Opinion: Oil Hits the Fan

Click here to write a Letter to the Editor.

B>By J. Scott Susich

I>Advanced Energy Commerce Inc.

Rising fuel prices this spring rocked the trucking industry. It’s not enough that the economy is slow and security costs have increased, record-high diesel made for a real misery hat trick.



February and March saw markets trading in record territory with crude oil hitting $40 a barrel and diesel commanding $1.77 at the pump. These were the highest prices ever. During this time I realized we may have turned the corner on alternative fuels. Let me explain:

There are some facts about the oil industry that Americans are going to have to accept. First, prices will remain volatile. Since 1993, gasoline and diesel have become very specialized and regionalized fuels. In about a decade, we have moved from five basic grades of fuel to over 125 boutique blends.

Diesel now contains varying sulfur levels, tax implications, cold-weather properties and regional specifications like those ordered by the California Air Resources Board that make it different from one state to the next. This high degree of specialization has created a just-in-time infrastructure that will not change unless the entire system is expanded.

Which leads to fact No. 2: Domestic fuel production has been in steady decline for the last decade. Americans will not allow new refineries to be built on our soil. Nor will they allow increased drilling in Alaska or off our shores.

The result of this “not-in-my-backyard” environmental thinking leads to fact No. 3: Dependence on foreign oil has never been higher. More than half our oil comes from foreign countries. Not only do we import oil, we import diesel, gasoline and everything in between.

Americans are gluttonous in our consumption of energy. Oil is either a component of what we consume or the energy source used to make and transport what we consume. Our country contains 5% of the world’s population, yet we consume more than 25% of the world’s energy.

Through petrochemicals and sub-processing, we find oil in our clothes, carpets, building materials, paints, lubricants and everything plastic. Let’s not forget our food, which is grown with the help of oil-based fertilizers, and the fuel needed to plant, cultivate, harvest, process and transport our food to market.

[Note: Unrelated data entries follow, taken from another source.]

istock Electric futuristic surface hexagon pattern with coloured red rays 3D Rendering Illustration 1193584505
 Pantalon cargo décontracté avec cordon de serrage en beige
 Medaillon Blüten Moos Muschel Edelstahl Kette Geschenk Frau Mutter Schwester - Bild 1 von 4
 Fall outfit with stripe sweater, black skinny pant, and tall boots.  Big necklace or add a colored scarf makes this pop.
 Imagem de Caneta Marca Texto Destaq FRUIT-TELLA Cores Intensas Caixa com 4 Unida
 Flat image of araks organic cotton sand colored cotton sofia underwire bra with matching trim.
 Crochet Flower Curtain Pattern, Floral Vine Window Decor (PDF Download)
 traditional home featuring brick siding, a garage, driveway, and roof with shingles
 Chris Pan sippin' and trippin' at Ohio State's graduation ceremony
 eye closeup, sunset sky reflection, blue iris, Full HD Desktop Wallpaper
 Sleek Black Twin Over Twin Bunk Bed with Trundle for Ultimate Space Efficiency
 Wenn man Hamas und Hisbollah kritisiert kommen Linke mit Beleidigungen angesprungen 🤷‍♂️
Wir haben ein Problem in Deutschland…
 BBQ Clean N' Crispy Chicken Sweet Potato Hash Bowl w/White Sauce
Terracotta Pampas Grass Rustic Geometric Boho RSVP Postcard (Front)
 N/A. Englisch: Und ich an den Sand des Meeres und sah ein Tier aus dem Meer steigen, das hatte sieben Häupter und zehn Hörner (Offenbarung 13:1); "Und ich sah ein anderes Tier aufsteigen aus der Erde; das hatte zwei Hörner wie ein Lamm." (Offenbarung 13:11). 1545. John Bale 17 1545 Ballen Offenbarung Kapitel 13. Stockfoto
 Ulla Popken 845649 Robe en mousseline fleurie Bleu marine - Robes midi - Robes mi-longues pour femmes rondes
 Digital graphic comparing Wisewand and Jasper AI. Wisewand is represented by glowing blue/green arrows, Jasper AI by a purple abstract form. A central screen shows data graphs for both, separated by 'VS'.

Think electricity flows out of thin air? Guess again; it’s oil, coal and natural gas. We have never consumed more oil, nor been more dependent on foreign oil, than we are today. If the people of China consumed oil at the same rate we do, the earth would be out of oil in 20 years. The wastes, inefficiencies and greed that have created our dependence on oil have compromised the trucking industry, our economy, our national security and the lives of our sons and daughters who are sent to war to guarantee its supply.

Alternative fuels are finally positioned to step into the spotlight. Currently, the trucking industry runs mainly on diesel fuel. Trying to make a quick switch to an unrelated fuel like hydrogen or natural gas is not practical due to infrastructure costs.

Biodiesel, however, can be run in conventional diesel engines in its pure form or as a blend with regular diesel. Its performance characteristics are virtually identical to diesel, with the added bonus of improving emissions. Biodiesel can be made from the soybeans growing along I-80 in the Midwest. It can be made from used fryer grease from the local McDonald’s. Even by-products of the shampoo manufacturing process can be used. All of these sources are on American soil.

At the time of this writing, the average wholesale price of biodiesel was $2.07 per gallon vs.$0.90 for diesel (taxes not included). The biodiesel price, however, is based on a meager national production of about 20 million gallons. The $0.90 diesel price is based on billions and billions of gallons of imported foreign oil.

Applying the same economies of scale to biodiesel production would resolve issues associated with small-scale processing and reduce the price dramatically.

Drivers can make this happen by seeking truck stops that offer a biodiesel blend. A B2 blend contains only 2% biodiesel, but can have a big impact by removing 2% of oil-based diesel demand.

Given the billions of gallons the trucking industry consumes, 2% adds up quickly and adds less than $0.03 to the price. Once in place, the blend can be increased to 10%, 20% or even 100%, driving down demand for diesel even more. Drivers and fleet managers can encourage their companies to buy biodiesel blends for their own bulk tanks.

Finally, the entire trucking industry can push the transition by voting for congressional representatives who support alternative fuels.

am convinced America and the trucking industry will soon begin the transition to alternative fuels, even if it costs more in the short run. The events of this spring will create a convergence of increasing alternative fuel production with the realization that these fuels are a better “alternative” than remaining hostage to foreign oil.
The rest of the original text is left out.